▸ What to work on:
Everything from the line containing "Now, this leaves" through the last line of the listing below should be returned exactly, except for pictures.

▸ The data:
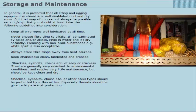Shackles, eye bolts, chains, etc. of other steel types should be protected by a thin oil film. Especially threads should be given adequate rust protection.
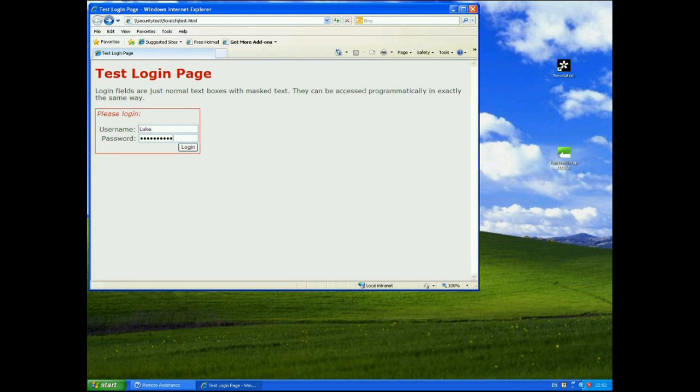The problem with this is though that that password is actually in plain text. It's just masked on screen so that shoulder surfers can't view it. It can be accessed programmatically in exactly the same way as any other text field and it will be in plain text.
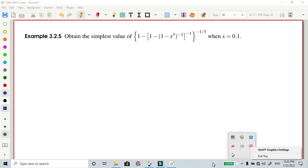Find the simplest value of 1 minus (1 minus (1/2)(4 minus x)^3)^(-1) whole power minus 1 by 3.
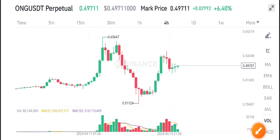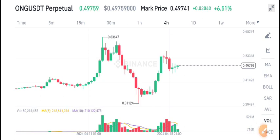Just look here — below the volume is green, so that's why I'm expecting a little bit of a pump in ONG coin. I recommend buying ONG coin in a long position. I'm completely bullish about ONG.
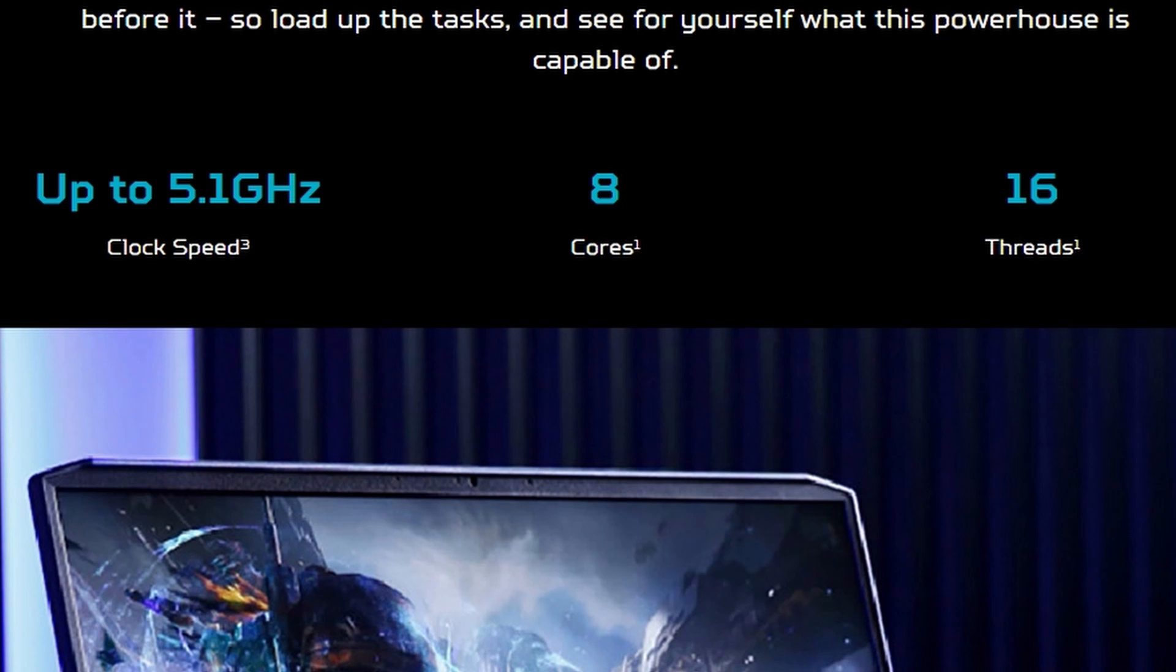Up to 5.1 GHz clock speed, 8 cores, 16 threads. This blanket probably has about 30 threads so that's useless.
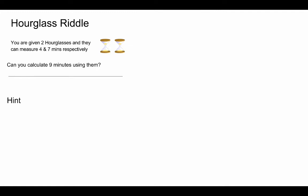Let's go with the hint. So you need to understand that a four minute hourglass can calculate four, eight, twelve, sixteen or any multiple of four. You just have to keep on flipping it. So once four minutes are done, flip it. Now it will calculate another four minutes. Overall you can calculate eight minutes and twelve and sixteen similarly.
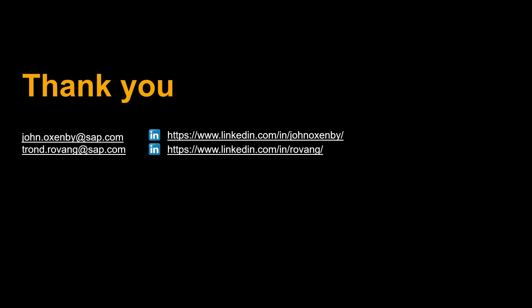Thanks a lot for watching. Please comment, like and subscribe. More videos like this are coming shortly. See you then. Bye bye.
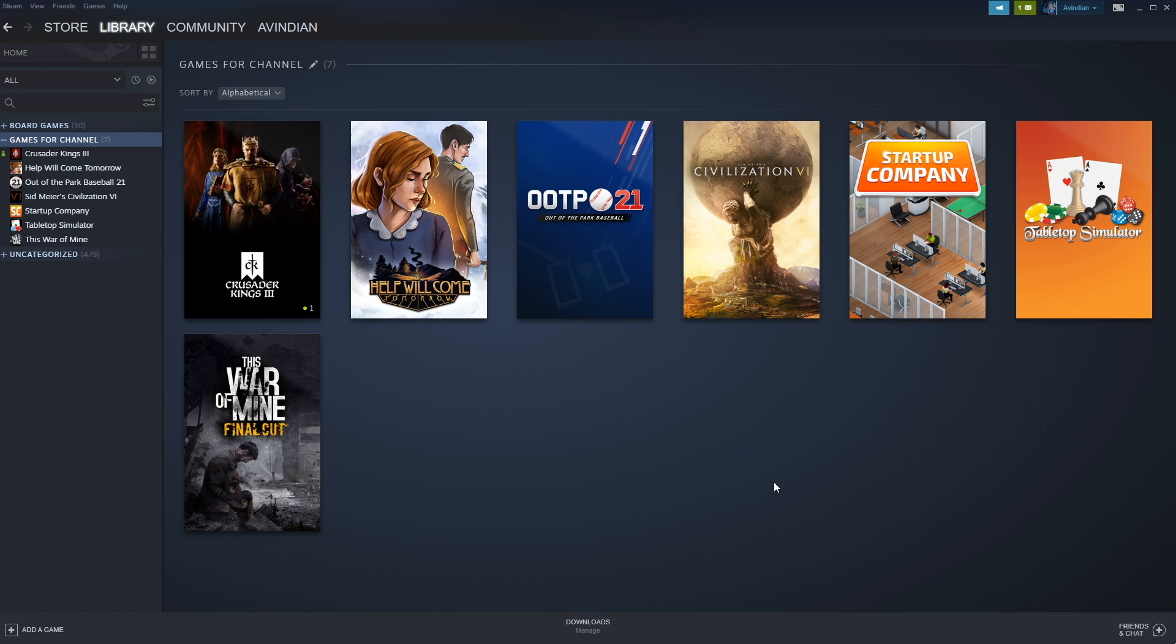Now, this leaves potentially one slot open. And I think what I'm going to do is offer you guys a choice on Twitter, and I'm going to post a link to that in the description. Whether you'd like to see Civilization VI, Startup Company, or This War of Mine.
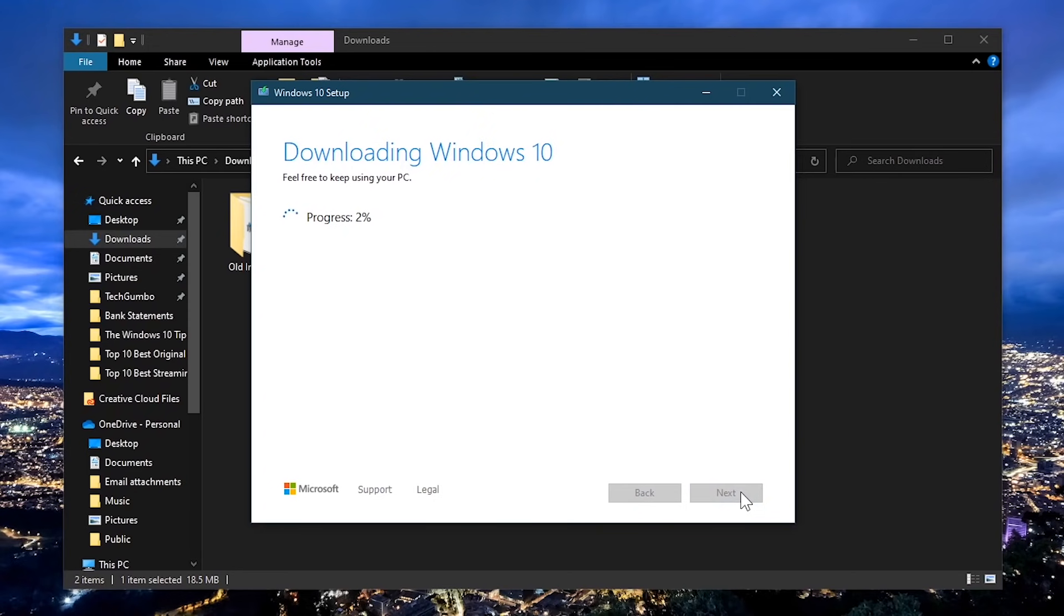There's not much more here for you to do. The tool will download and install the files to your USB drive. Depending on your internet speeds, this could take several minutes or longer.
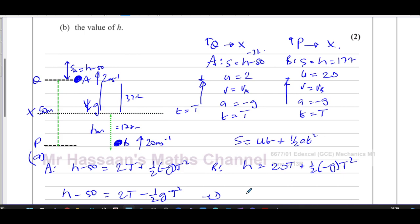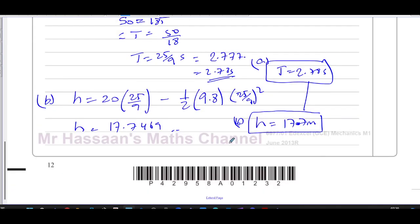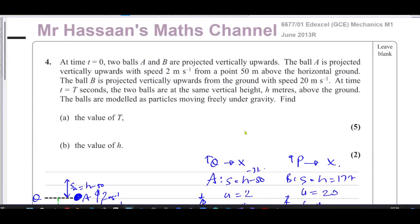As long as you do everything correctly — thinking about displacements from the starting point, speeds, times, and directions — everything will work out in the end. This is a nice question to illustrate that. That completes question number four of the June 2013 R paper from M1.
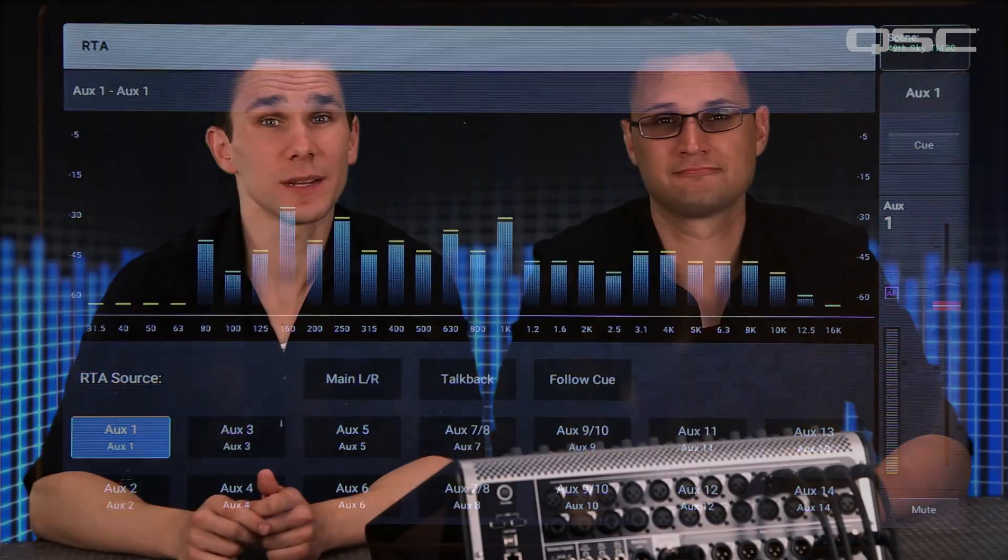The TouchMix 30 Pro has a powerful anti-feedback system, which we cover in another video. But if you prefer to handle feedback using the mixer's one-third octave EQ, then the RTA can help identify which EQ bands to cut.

▸ Solved problem:
Now, this leaves potentially one slot open. And I think what I'm going to do is offer you guys a choice on Twitter, and I'm going to post a link to that in the description. Whether you'd like to see Civilization VI, Startup Company, or This War of Mine.
There's not much more here for you to do. The tool will download and install the files to your USB drive. Depending on your internet speeds, this could take several minutes or longer.
As long as you do everything correctly — thinking about displacements from the starting point, speeds, times, and directions — everything will work out in the end. This is a nice question to illustrate that. That completes question number four of the June 2013 R paper from M1.
The TouchMix 30 Pro has a powerful anti-feedback system, which we cover in another video. But if you prefer to handle feedback using the mixer's one-third octave EQ, then the RTA can help identify which EQ bands to cut.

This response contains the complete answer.